June 1, 2016 – Following recent breakthroughs in its development of safer, cost-effective, sustainable, reliable and instantly reusable rocket engines for XCOR’s Lynx and other launchers, XCOR Aerospace announced earlier today that it has decided to focus the majority of its resources on the final development of its revolutionary liquid oxygen and liquid hydrogen (LH2) program.
This innovative propulsion technology has applications for upper-stage liquid hydrogen engines suitable for the Atlas V, the Delta IV, and the planned NASA Space Launch System (SLS). This shift underscores the partnership between XCOR and ULA, USA’s premier launch services provider that was announced March 9 this year.

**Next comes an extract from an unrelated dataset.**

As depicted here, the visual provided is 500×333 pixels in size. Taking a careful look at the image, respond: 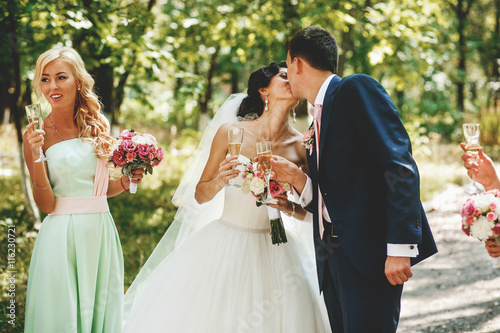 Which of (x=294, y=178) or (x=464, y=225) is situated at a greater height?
(x=294, y=178)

“Based on the immediate engine opportunities presented to us and our resource constraints we decided we needed to fully focus on the LH2 program for the forthcoming period,” said Jay Gibson, President and CEO of XCOR Aerospace. “Given that we remain a small-scale company, we are planning to place more emphasis on fine-tuning the hydrogen engine program to achieve an optimal closed loop system for cryogenic rocket engines.
XCOR’s 8H21 LO2/LH2 engine (25k lbf thrust) is being developed for the upper stage propulsion for ULA’s Advanced Cryogenic Evolved Stage (ACES). Since 2008 XCOR has been working closely with ULA on a subscale 2,500 lbf thrust liquid hydrogen engine, which was successfully built and tested in 2015.
In 2016, XCOR began development on the full scale 25k lbf thrust liquid hydrogen engine, the 8H21, under a privately funded contract with ULA.
The 8H21 is a liquid oxygen, liquid hydrogen rocket engine that uses XCOR’s proprietary piston pumps and other unique rocket engine components to deliver a low cost solution for easier access to space.
“We are convinced that this effort will ensure that XCOR is ultimately better positioned to
finish the Lynx Project and produce an efficient, reliable and safe vehicle,” said Gibson. “Instantly Reusable Launch Vehicles will make the edge of space accessible for everyone and our efforts with ULA on the LH2 propulsion systems will do the same for deep space.”
XCOR will continue to keep working from both its Mojave and Midland locations.